I am now 10 weeks along, due October 30 of this year. I am so excited to be able to become a mom. So many women face the horrible realization that they are unable to have children of their own, and my heart goes out to them. I know that they will not be forever unable to have children though. I believe they will raise children in the post-mortal world and have every blessing, and then some, of those women who are able to here on earth. All I have ever wanted is to be a wife and mother. Growing up, as we were told to pick careers and education goals to reach it, I knew that I wanted to be a stay at home mom if I was able. I am greatly blessed to have a husband who has a job that offers healthcare and benefits, and pays enough to allow me to stay at home. I hope that we are able to raise our children in a way pleasing to Heavenly Father and be the examples that they need.

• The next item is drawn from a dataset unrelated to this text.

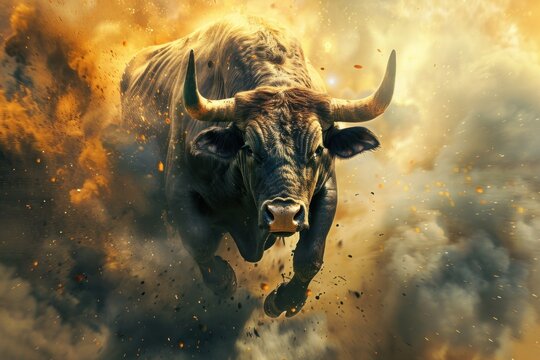Angry bull running in the dust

Garrett and I are blessed with a wonderful, loving, and supportive family. I am so excited for this summer when we are able to return to the states and be sealed together as man and wife for time and all eternity. That this is able to happen in time to bring our child into an eternal family. I can not wait to be able to enter into the temple, and just be on the grounds of such a sacred place. Being so many miles away from the temple has been hard for me. I was lucky enough growing up to have a temple just 15 minutes from my house. I had a few friends who would always accompany me even just to the grounds and we were would share in the most amazing conversations. I miss the beauty and peace within those grounds and within the temple itself. It sometimes felt as if the whole world were blocked out as soon as I was through the gate. I know that Garrett and I have our Heavenly Father on our side. We have been blessed every step of this journey together, despite being unable to be sealed in the temple initially. He knew what he was doing when he prompted us to get married earlier, despite meaning we wouldn't be able to be married in the temple like was planned. I know he had the Air Force send us here to Okinawa for a reason, and I hope that we are able to fulfill whatever he has planned for us here. I love my Heavenly Father and can't wait to listen and watch His prophets this weekend despite being half a world away from the Conference Center.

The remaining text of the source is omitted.